Not exactly malice toward none, charity for all, I guess. But people seem to have been touched by the brilliance of it.
Or it could be that Appalachian State won that game 34-32, one of the great upsets in college football history. Yeah, come to think of it, the fact that I specifically called out as a bum the game that has a chance to go down as the most memorable one of the century in certain circles would be a little embarrassing to a person capable of embarrassment.
I wish I'd been at Saturday's stunner, wish I'd even seen it. But I don't think it argues against my point, which is that college football, as a sport to follow, is a joke. The upper echelon of teams, the top 40 or so that have a ghost's chance at ever winning a championship, almost never play each other except when their conference affiliation or a bowl matchup forces them to.
Those same conference affiliations fill up the powerhouses' schedules with a handful of dog games a year. The powerhouses take care of the rest by signing up cream puffs to stomp in September.
Every once in a while, there are exceptions. A cream puff takes a bite out of the hand that's feeding it its operating revenue for the year by bringing it to town for a beating. That happened at Michigan Stadium. And there are minor exceptions to the cream-puffs-only rule. Fans of Ohio State and UCLA are quick to point out that those schools are making at least some effort to play worthy foes in their nonconference season.
But one stunning upset does not a healthy sport make. The very thought that Michigan's loss was so unthinkable, which is what makes Appalachian State's victory so phantasmagorical, is also a clue that something's very wrong. There shouldn't be any games in which a win by one team is all but unthinkable. There are a half-dozen such games a week just in the top 25.

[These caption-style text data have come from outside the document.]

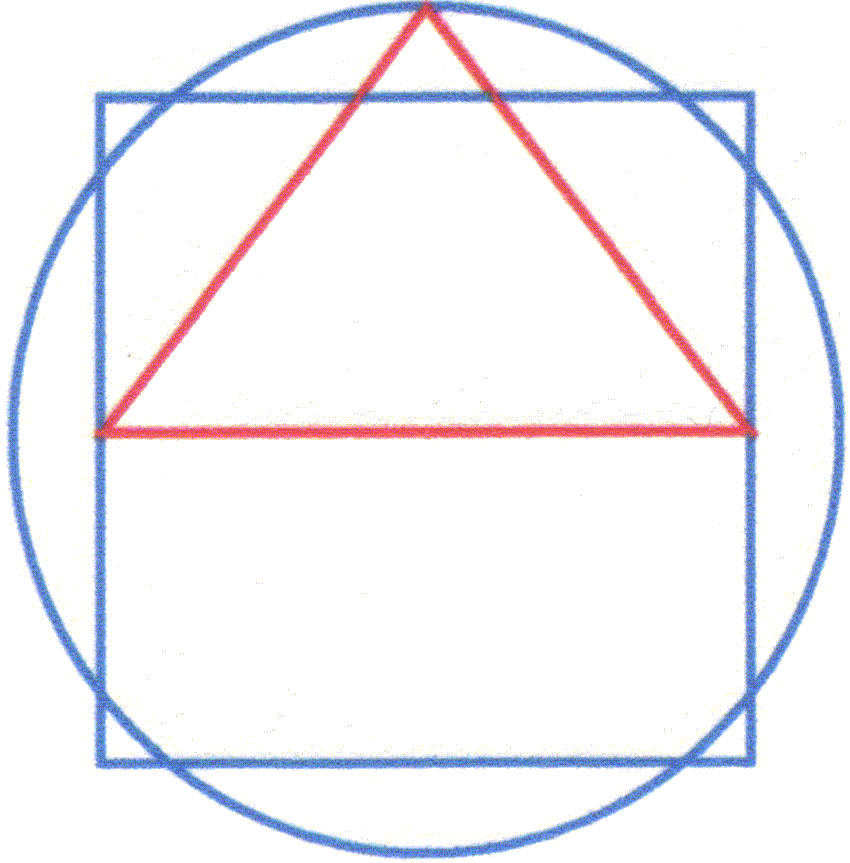  Die Quadratur des Kreises als Näherung 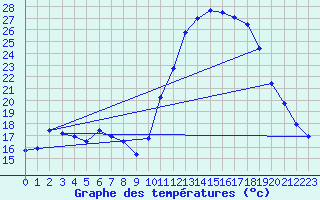 Courbe de tempratures pour Lussat (23)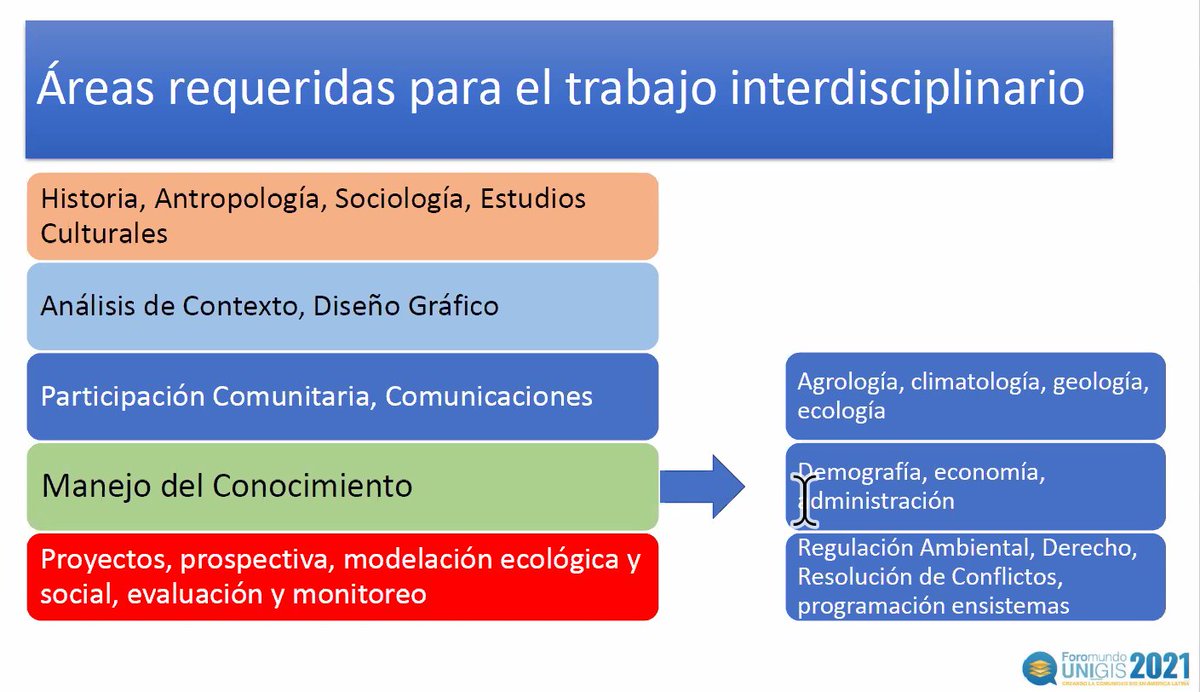 leozurita's tweet photo. La importancia y multidisciplaniariedad de los #SIG es resaltada en el manejo efectivo de un área protegida en Dapa y llevado desde la gente que la cuida y habita. Un gran trabajo apalancado por Jorge Rubiano de @UnigisALatina en el #Foromundo 2021 https://t.co/AwyDr6qemf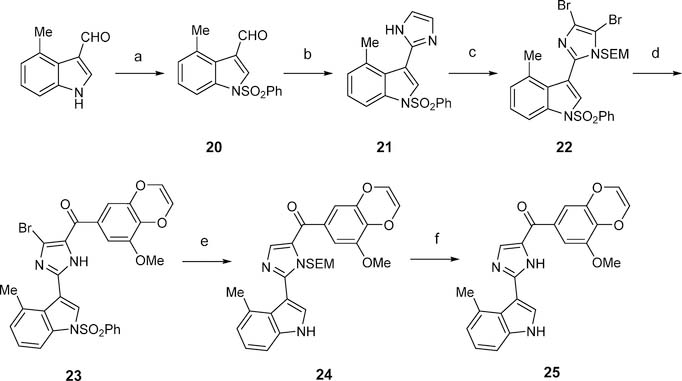 Scheme 5.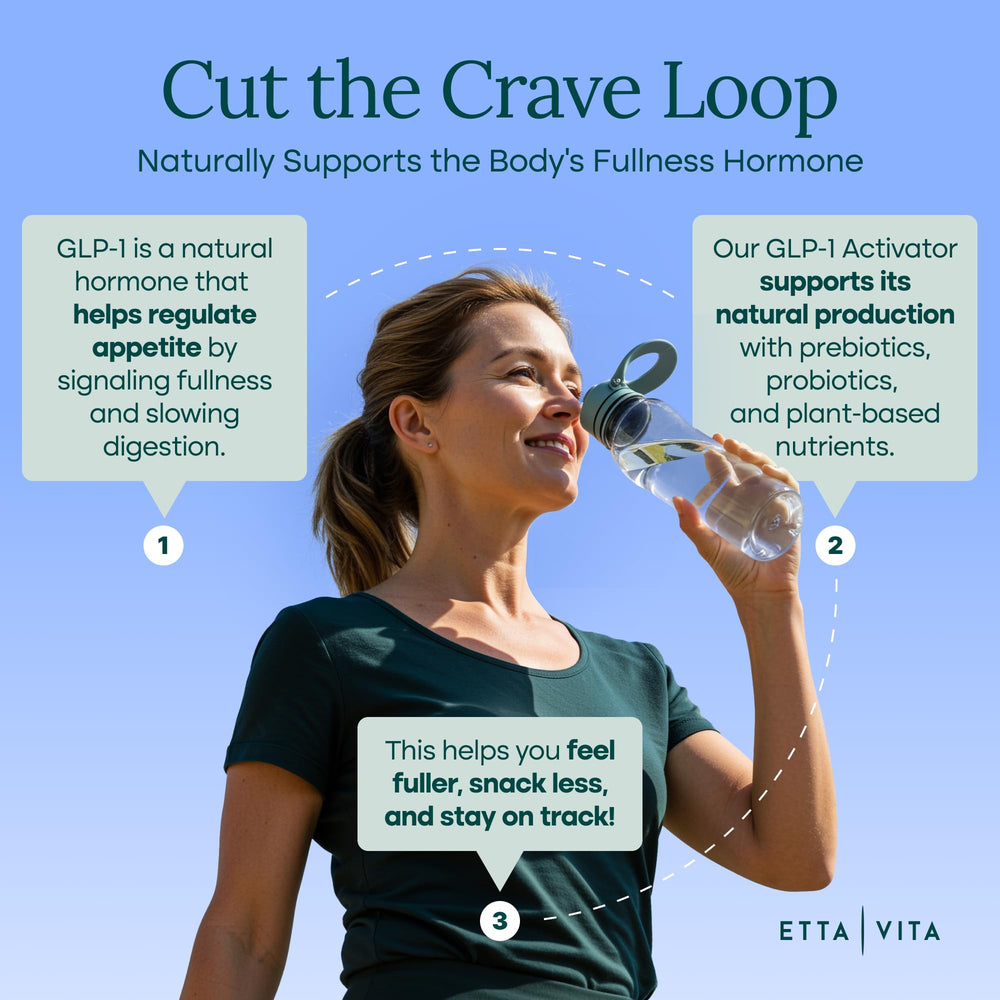 Etta Vita GLP-1 Probiotic packaging hero framing a daily wellness routine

The reason I didn't see the Michigan-Appalachian State game is that I was hanging with the family before heading across the Bay to be a fan in the stands for Cal vs. Tennessee. I couldn't have had a better time, which is the same thing I said last year -- game outcome notwithstanding -- when I sat in the stands to watch the same teams in Knoxville, Tenn.
The game experience in college football is unbeatable. That's why it's so frustrating that as a sport, it's such a mess, rife with colossal mismatches and a pathetic excuse of a championship system, not to mention the leaning tower of corruption that forms the sport's foundation. The only other sport that can be described in those terms is boxing. Nice company college football's keeping there.
Great for Appalachian State for pulling off that big win. But don't kid yourself that it's going to point the way to something positive in college football. All it means is that no powerhouse is going to make the mistake of scheduling the Mountaineers any time soon.